BEGIN

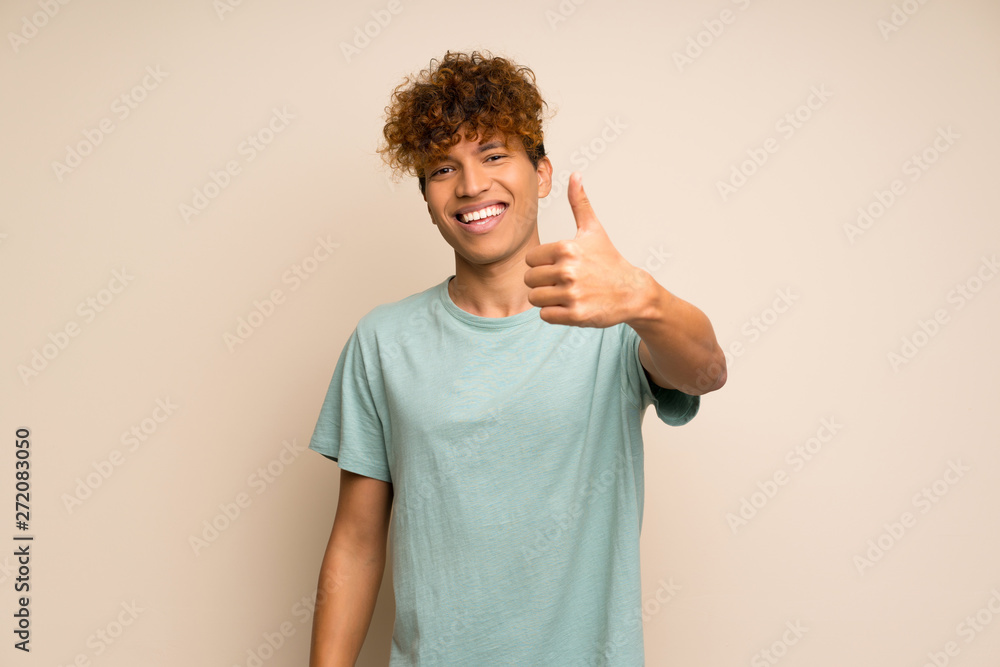 African american man with green shirt with thumbs up because something good has happened African american man with green shirt with thumbs up because something good has happened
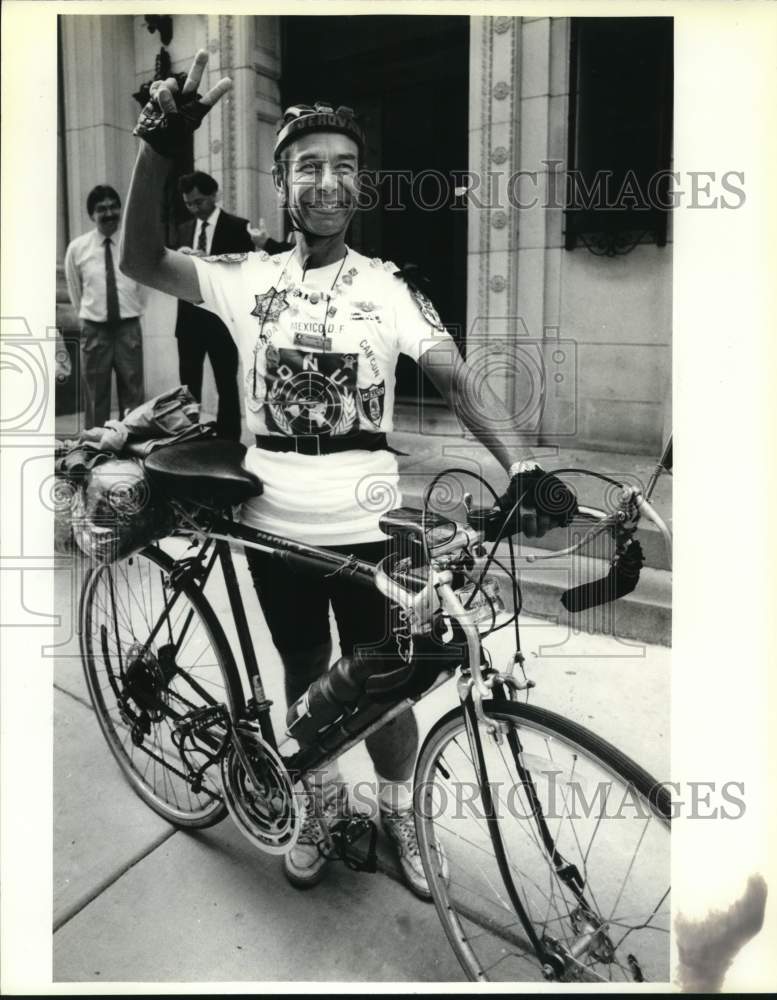 1992 Cyclist Jehova Villa Escamilla raises peace sign at Consulate-Historic Images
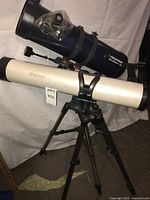 Celestron AstroMaster 130EQ and Galileo HQR-800 telescopes on tripods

END

**What to do**
Every line of the data above is to be repeated exactly; the images are to be left out.

**Response**
 African american man with green shirt with thumbs up because something good has happened African american man with green shirt with thumbs up because something good has happened
 1992 Cyclist Jehova Villa Escamilla raises peace sign at Consulate-Historic Images
 Celestron AstroMaster 130EQ and Galileo HQR-800 telescopes on tripods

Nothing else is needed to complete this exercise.